Monday, Mar. 04, 1974
Printing Under the Gun
In January, when two men said to be members of the Symbionese Liberation Army were arrested for the murder of an Oakland school official, San Francisco's two major papers leaped on the story with classic gusto. The morning Chronicle and the evening Examiner share printing facilities but compete editorially. They fielded squads of reporters who day after day dug up leads linking the suspects to the crime.
That was before the kidnaping of Patricia Hearst. Now, says a Chronicle reporter, "San Francisco newspapers for the first time are being forced to print things over which they have no control."
And what they are publishing is propaganda produced by the S.L.A. For Patricia's father Randolph is not only a wealthy, prominent citizen. He is also president and editor of the Examiner, and his daughter's abductors--members of the S.L.A.--have trapped him in a professional dilemma that is inseparable from his personal anguish.
In its first communique to the Hearst family after taking Patricia, the S.L.A. stated flatly that "all communications from this court must be published in full, in all newspapers, and all other forms of the media. Failure to do so will endanger the safety of the prisoner." That threat left Hearst little choice. He asked --some Examiner staffers say he "directed"--his paper to print all future documents from the S.L.A. A senior Examiner staffer also did a detailed re-examination of the Oakland murder that differed from the earlier coverage. Read the headline: MURDER CASE AGAINST SLA PAIR CIRCUMSTANTIAL.
Hearst has asked other papers and local radio and television stations to comply with the S.L.A. ultimatum concerning coverage. Chronicle Editor and Publisher Charles de Young Thieriot, a close friend of Hearst's, readily agreed.

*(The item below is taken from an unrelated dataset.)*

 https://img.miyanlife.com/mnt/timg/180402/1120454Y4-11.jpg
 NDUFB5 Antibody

Berkeley's listener-supported FM station KPFA, which has been used by the S.L.A. as a conduit for messages, also complied. Oakland's KDIA, an AM station catering to the black community, has broadcast almost all the S.L.A. statements. Says News Director Ray Wills: "We thought it incumbent on us to follow the instructions." Ironically, leftist and underground papers have generally printed very little unedited S.L.A. propaganda.

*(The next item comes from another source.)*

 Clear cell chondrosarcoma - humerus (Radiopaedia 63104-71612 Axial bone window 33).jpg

Hearst and Thieriot feel that they do not have that luxury. Thus the Examiner and the Chronicle have printed a long, windy S.L.A. manifesto. Both ran a second letter and the transcript of a tape recording of Patty Hearst's voice: the Examiner added a photocopy of the letter for good measure. Later tapes of Patricia received similar play. While stressing the story's newsworthiness, many San Francisco newsmen chafe at giving a handful of terrorists unlimited space. But, as Examiner Editor Tom Eastham observes, "There appears to be no alternative."